Task details:
Starting at the line that contains "Настольный сверлильный станок", write out every line through the end of the records below exactly as it appears, and leave out all pictures.

[Image-caption web data]
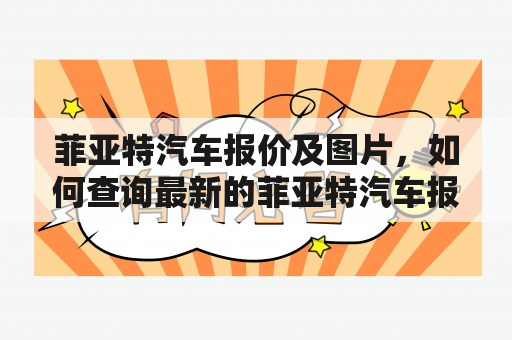 菲亚特汽车报价及图片，如何查询最新的菲亚特汽车报价？菲亚特汽车有哪些经典车型？菲亚特汽车的图片在哪里可以找到？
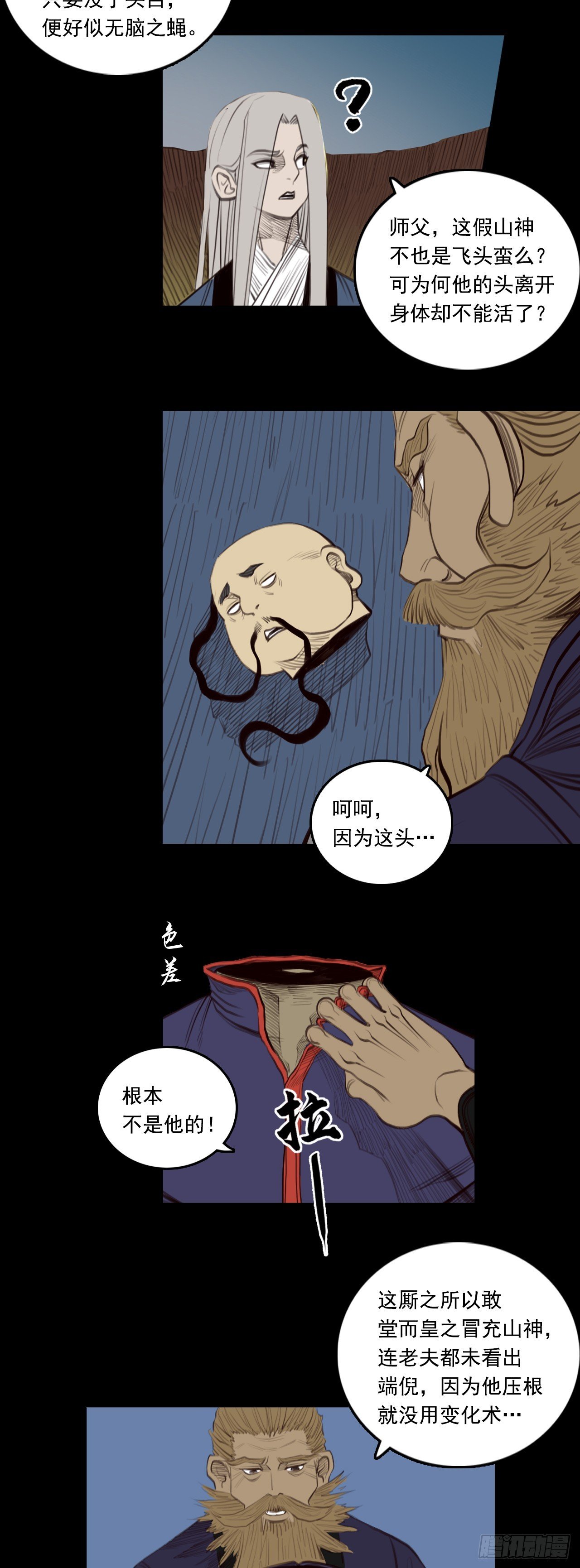 第三章 - 刑天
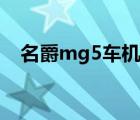 名爵mg5车机激活（名爵mg5车怎么样）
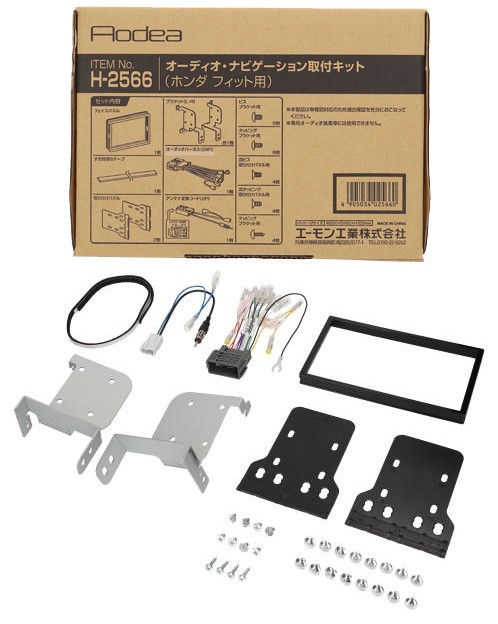 エーモン AODEA ホンダ フィット （ハイブリッド含む） R2.2 〜 用 オーディオ/ ナビゲーション取付キット H2566 :H2566-fit:オートアイテム  - 通販 - Yahoo!ショッピング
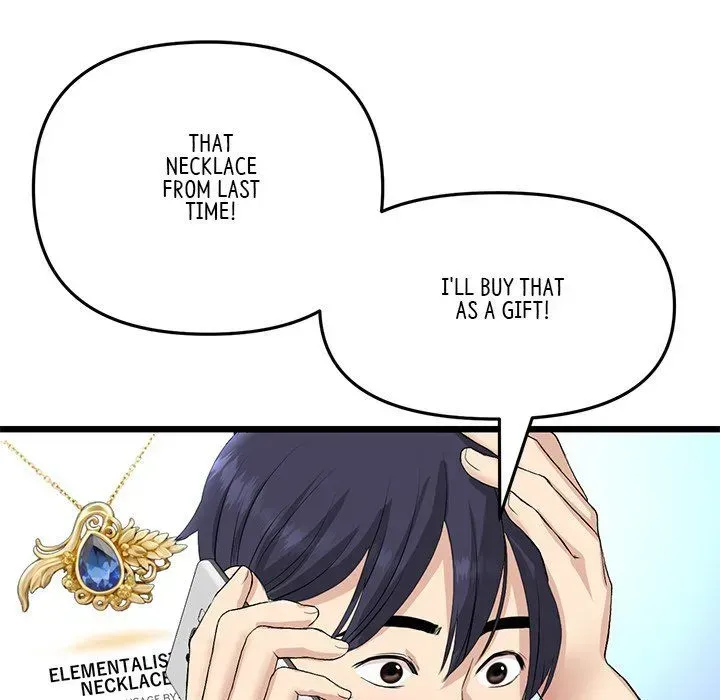 My First and Last Chapter 41 page 164 - 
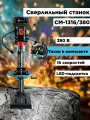 Настольный сверлильный станок AURA TOOLS CM-1316/380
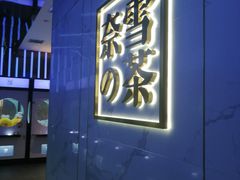 门面-奈雪的茶(赛格店)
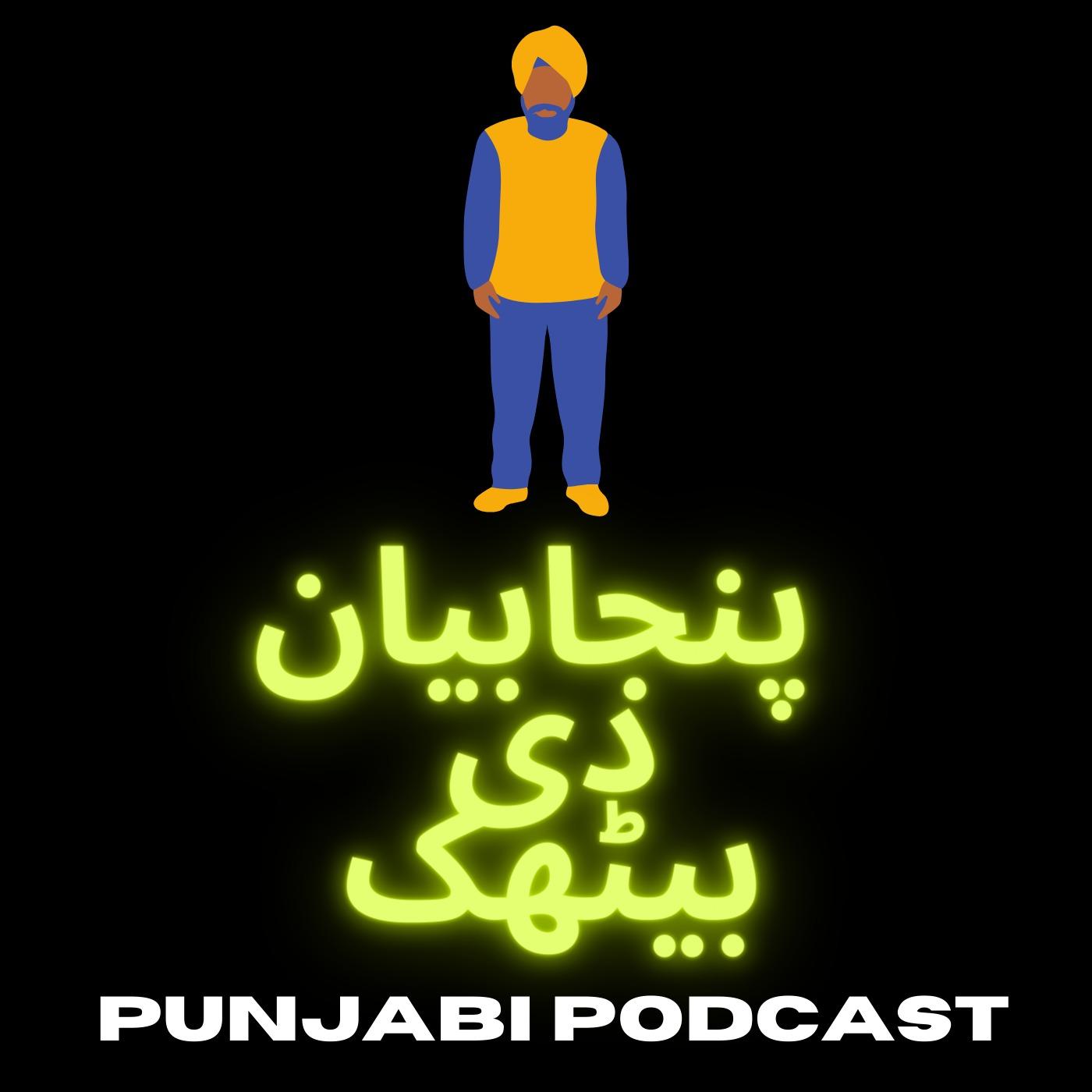 Punjabian Di Beythak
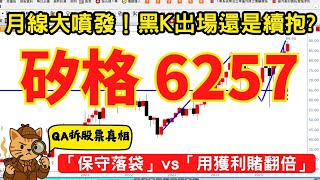 【6257 矽格】大黑K嚇殺？要抱還是要跑？敢不敢用已賺到的錢，去放大下一波行情？｜QA拆股票真相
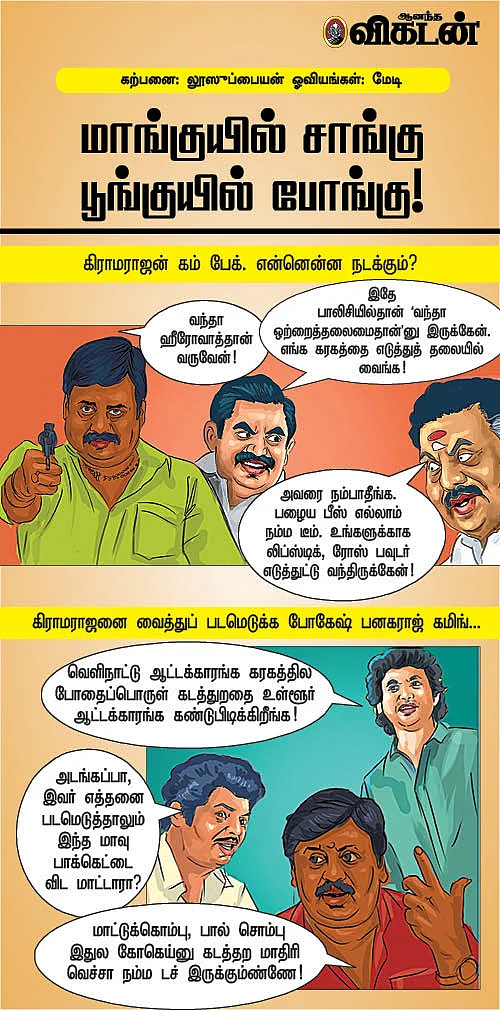 மாங்குயில் சாங்கு பூங்குயில் போங்கு!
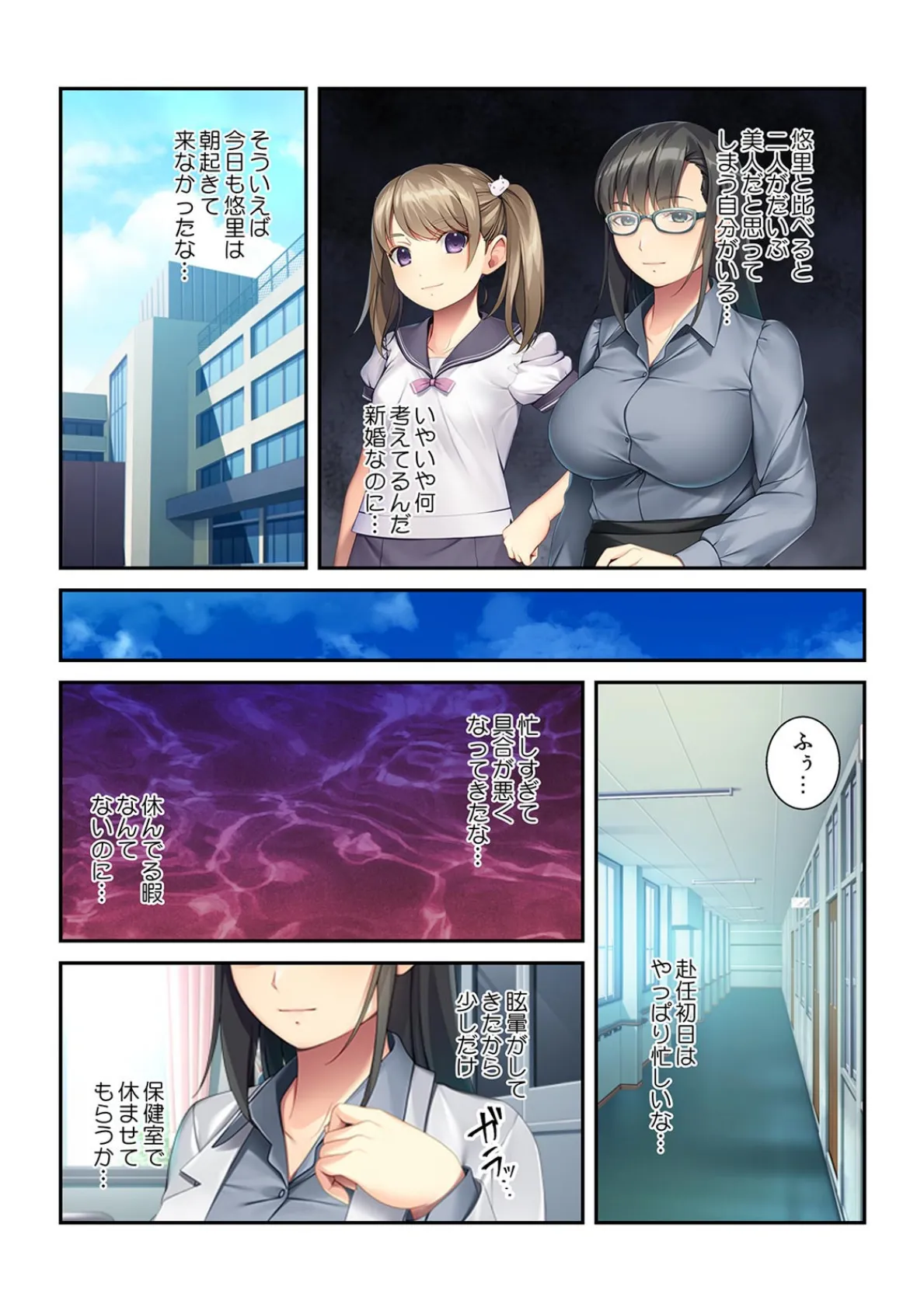 妻とのセックスが最近めっきり減った訳〜妻の姉妹と家庭内不倫!?〜【フルカラー】 5ページ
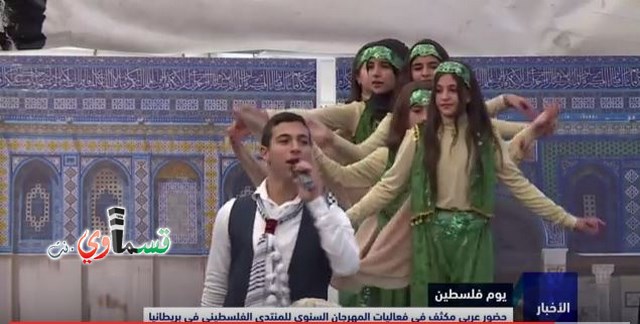  فيديو : الفنان القسماوي عمر بدير يتالق ويصدح صوته عاليا في المنتدى الفلسطيني في بريطانيا وسط حضور جماهيري كبير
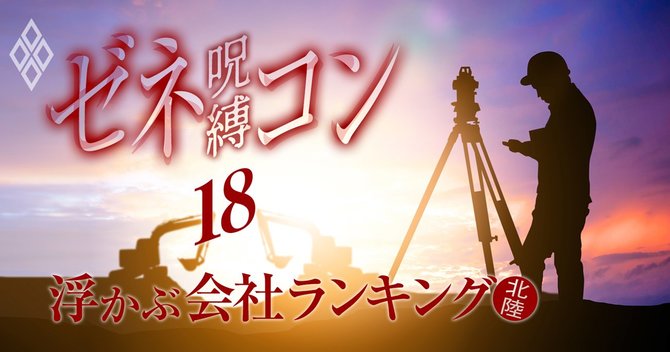 ゼネコンの呪縛#18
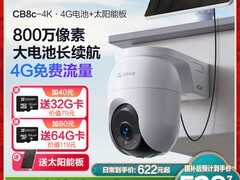 萤石CB8c摄像头促销，到手仅447元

Output of the exercise:
 Настольный сверлильный станок AURA TOOLS CM-1316/380
 门面-奈雪的茶(赛格店)
 Punjabian Di Beythak
 【6257 矽格】大黑K嚇殺？要抱還是要跑？敢不敢用已賺到的錢，去放大下一波行情？｜QA拆股票真相
 மாங்குயில் சாங்கு பூங்குயில் போங்கு!
 妻とのセックスが最近めっきり減った訳〜妻の姉妹と家庭内不倫!?〜【フルカラー】 5ページ
  فيديو : الفنان القسماوي عمر بدير يتالق ويصدح صوته عاليا في المنتدى الفلسطيني في بريطانيا وسط حضور جماهيري كبير
 ゼネコンの呪縛#18
 萤石CB8c摄像头促销，到手仅447元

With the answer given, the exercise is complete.